Une nuit imaginaire devenue une réalité. Etait-ce une prémonition ?


Presque. Ce n'est pas pour rien que nous avons, au sein du mouvement Balai citoyen, déjà réalisé des tee-shirts avec l'inscription bien évidente « Blaise dégage ». Il y en a qui était pour le retrait de la loi et nous, nous savions que ça pouvait déboucher sur quelques chose de plus immense. En tout cas, c'est ce qu'on appelait de tous nos vœux. J'aime citer Martin Luther King qui a dit : « I have a dream » (Ndlr, J'ai un rêve). C'était effectivement un rêve que nous avions. Celui de pouvoir faire une révolution dans ce pays. Et nous avons travaillé afin que la fiction rejoigne la réalité. Parce qu'il faut reconnaitre que « ceux qui empêchent ou freinent la révolution pacifique provoquent toujours la révolution violente », d'après John Kennedy. On a voulu à tout prix qu'une révolution pacifique se fasse. Que la population ait le droit de manifester son refus catégorique à l'installation d'une dictature, et en plus une dynastie parce que c'est tout un clan qui voulait s'imposer et voilà que c'est fini par arriver par la force. Nous l'avions demandé de gré, mais nous avons fini par l'avoir par la force. C'est bien vrai que j'avais dit dans un de mes textes, que la place de la Nation devait redevenir Place de la Révolution en souvenir des 4 années de révolution de Thomas Sankara. Blaise Compaoré avait eu la possibilité de sortir par la porte mais au soir du 30 octobre, la porte était déjà fermée. Il ne restait plus que la fenêtre. Et s'il insistait, on serait obligé d'enlever les tôles pour qu'il puisse s'en sortir. Après 27 ans passés au pouvoir, Compaoré est passé dans l'art de tromper le peuple. Et c'est quelqu'un qui n'a jamais tenu sa parole. On le lisait à travers les lignes de son discours et surtout l'excitation de ses disciples. Et nous étions sûrs à 80% qu'il n'avait pas l' intention de s'en aller. Il fallait donc une démonstration de force.

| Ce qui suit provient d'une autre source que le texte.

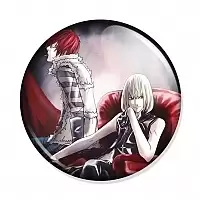    - Mail and Mello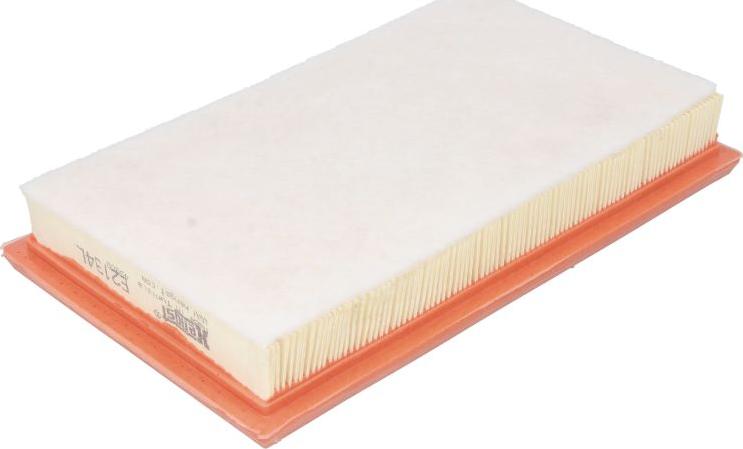 Hengst Filter E2134L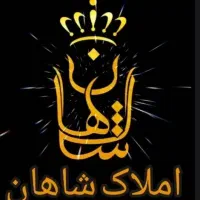 73متر/نوساز/ فول دیزاین و تمیز/مناسب سخت پسندان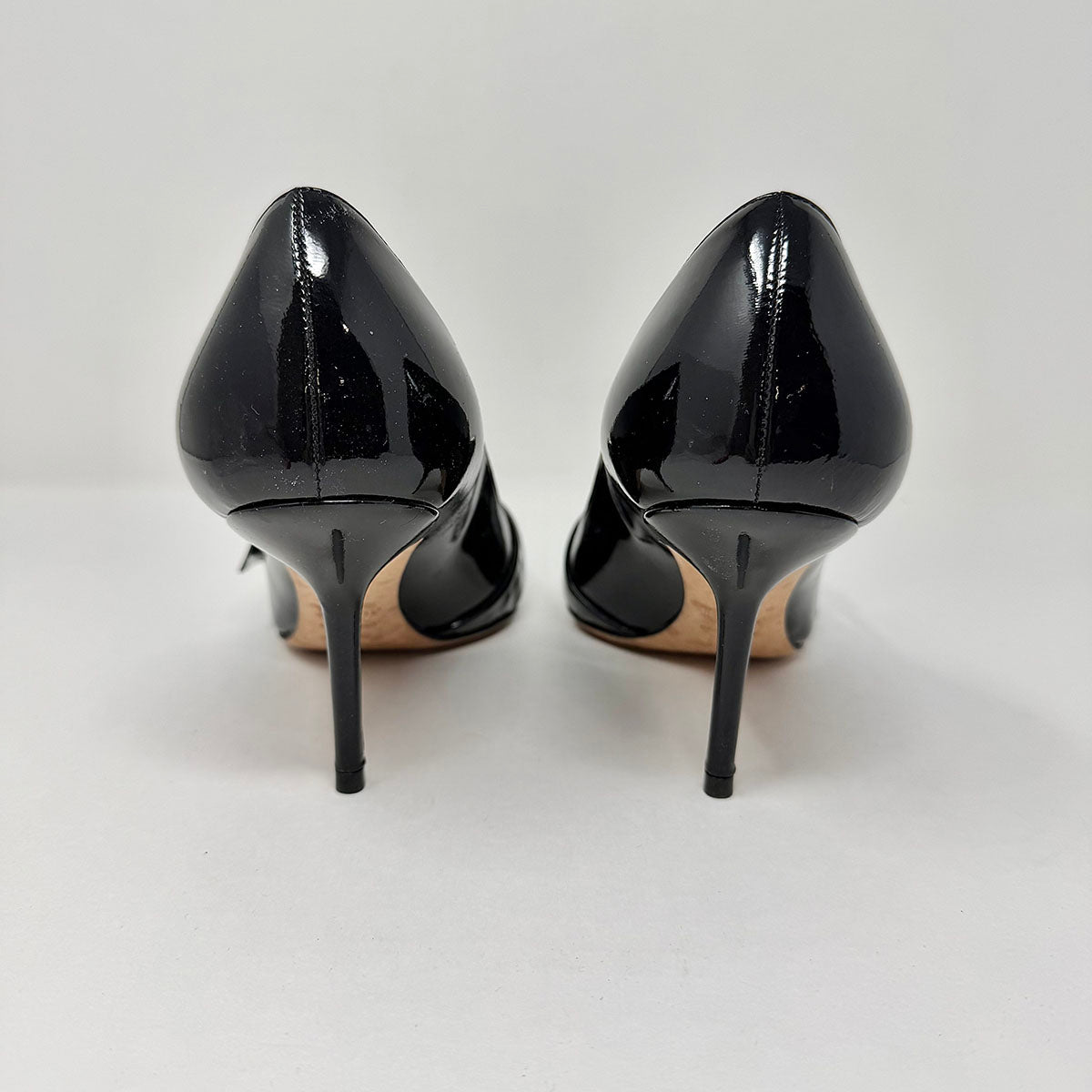 Christian Dior Pumps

On a eu l'impression que le départ forcé de Blaise Compaoré a quelque peu surpris les manifestants...


La démission de Blaise a surpris les gens qui ne sont pas du pays réel. Qui sont dans les salons feutrés. Sinon, tous ceux qui ont participé aux évènements dits subversifs savaient très bien qu'à un moment ou un autre, ça allait exploser. C'est pourquoi à un moment, nous avons suggéré à nos militants d'utiliser la Constitution qui permettait à tout citoyen burkinabè de participer au débat à l'hémicycle. Mais nous savions que l'on n'allait pas accepter bien que cela soit inscrit dans la Constitution. Mais la pression populaire a cassé la ceinture de sécurité qui était autour de l'Assemblée et l'armée a su bien jouer un rôle de protection du citoyen. Je dis cela, parce qu'il me semble qu'une bonne partie de l'armée avait pris fait et cause pour le peuple. Voilà pourquoi, nous n'avons pas réfléchi trop longtemps lorsque nous avons été amenés sur le terrain. Malheureusement, nous étions livrés à nous-mêmes. Je dis cela parce qu'aucun représentant de partis politiques n'a été en ce moment avec nous. Avec les quelques éléments de la société civile, nous n'avons pas trop réfléchi lorsqu'il s'est agi d'épargner des milliers de personnes, de ne pas les envoyer au massacre du palais présidentiel à Kossyam. Et lorsque j'ai utilisé ce fameux mot qui a fait un buzz sur la toile et d'aucuns ont interprété comme étant une sorte de corruption de la lutte. J'ai, en effet, employé le mot « deal ». Tout de suite, des gens ont pensé que nous avions vendu la lutte à l'armée. Je le dis et le répète, ça été un deal dans le bon sens du terme. Ici, le deal est l'armée républicaine et non un individu qui devrait prendre ses responsabilités. Nous étions en train de négocier avec tous les officiers et non uniquement avec Zida. Nous avions donc demandé à l'armée de prendre ses responsabilités pour éviter des milliers de morts et nous permettre d'avoir la démission de Blaise Compaoré sans condition et sans délai. C'était donc de négocier et passer le pouvoir à l'armée momentanément afin que la situation sécuritaire soit stabilisée.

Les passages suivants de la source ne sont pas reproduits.